Task prompt: Start at the line that contains "Plus Size Printed suede pants sizes 38 to 48" in the listing below and extract every line through the last, exactly; leave pictures out.

Given data:
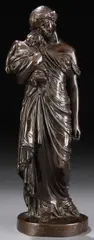 Charles Cumberworth, Mother and Child, Bronze with dark brown patina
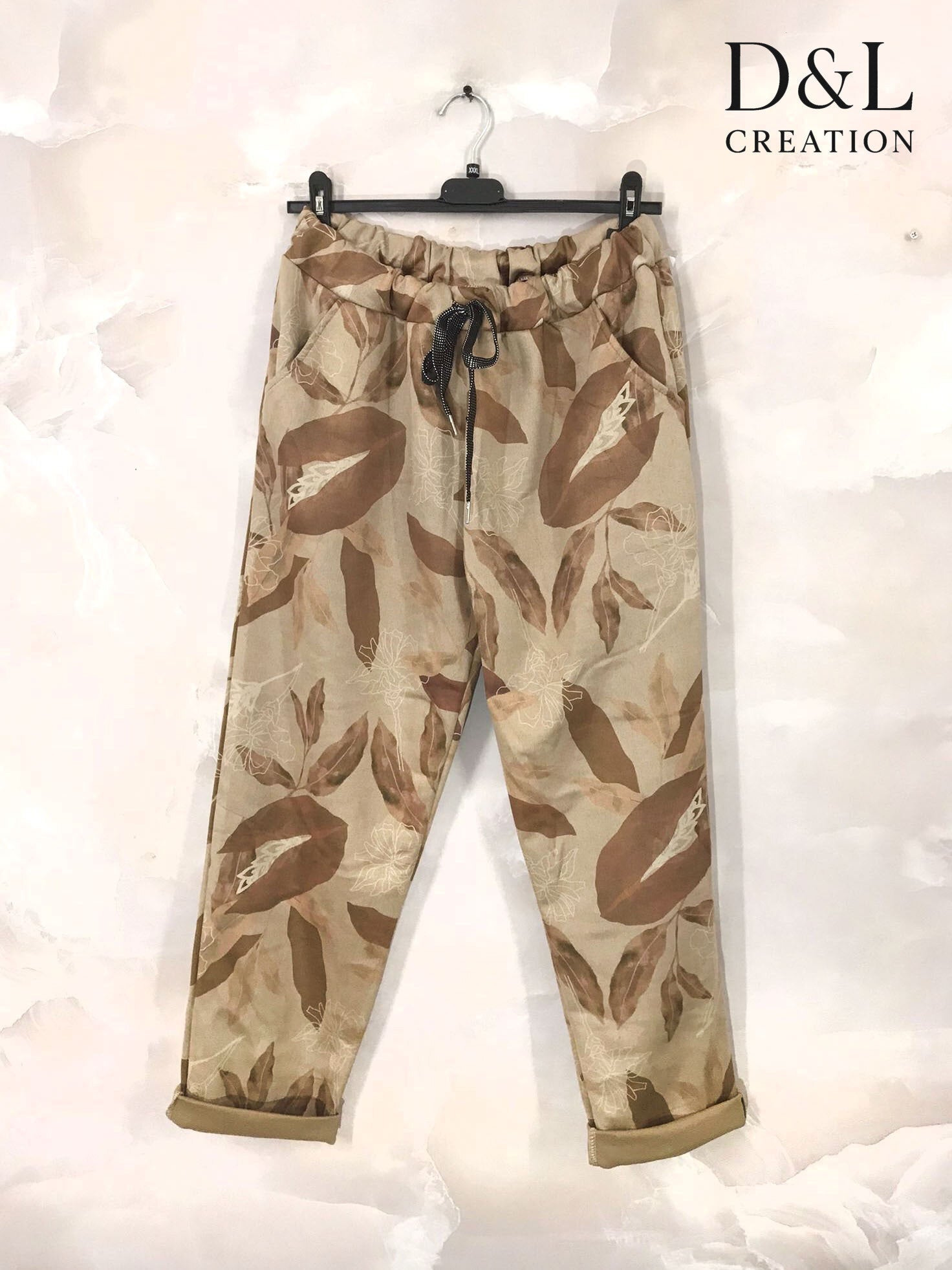 Plus Size Printed suede pants sizes 38 to 48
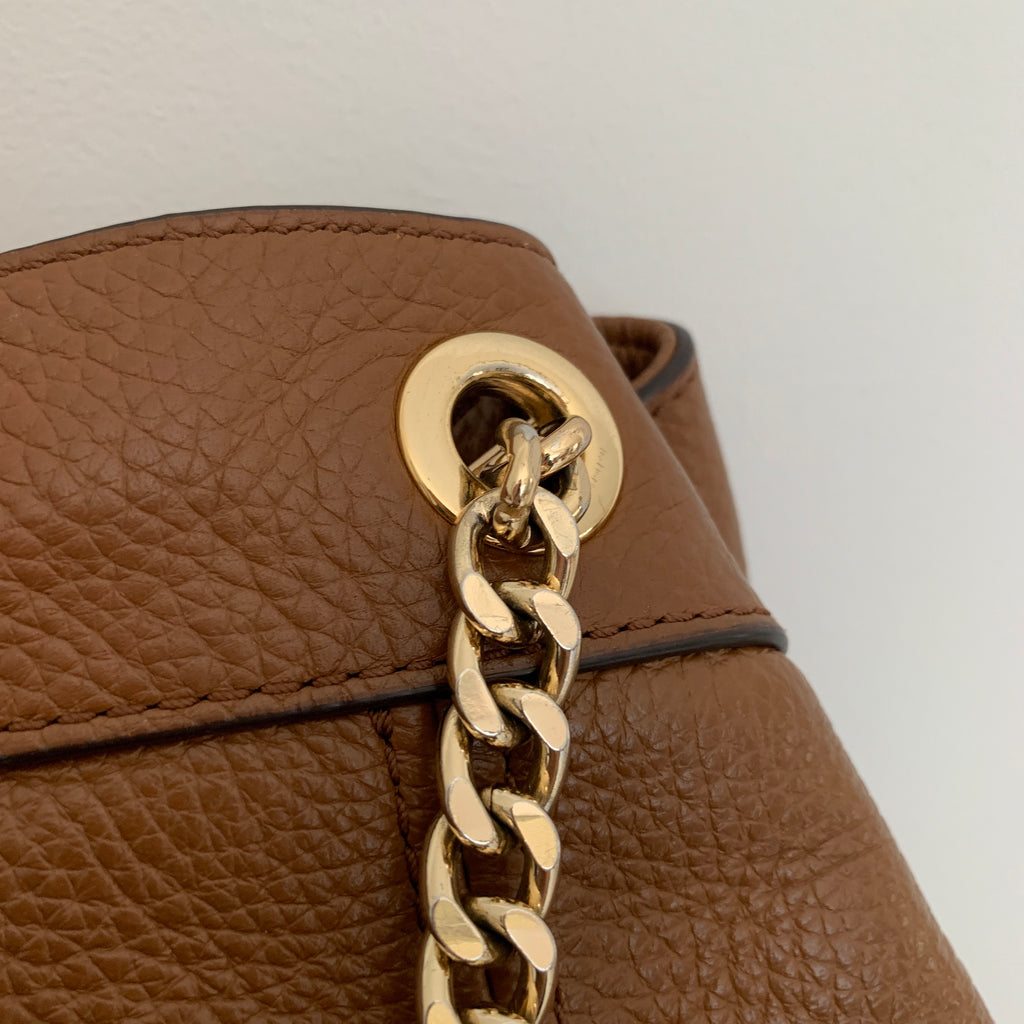 Michael Kors Tan Leather & Gold Chain Shoulder Bag | Pre Loved |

Solution to the exercise:
 Plus Size Printed suede pants sizes 38 to 48
 Michael Kors Tan Leather & Gold Chain Shoulder Bag | Pre Loved |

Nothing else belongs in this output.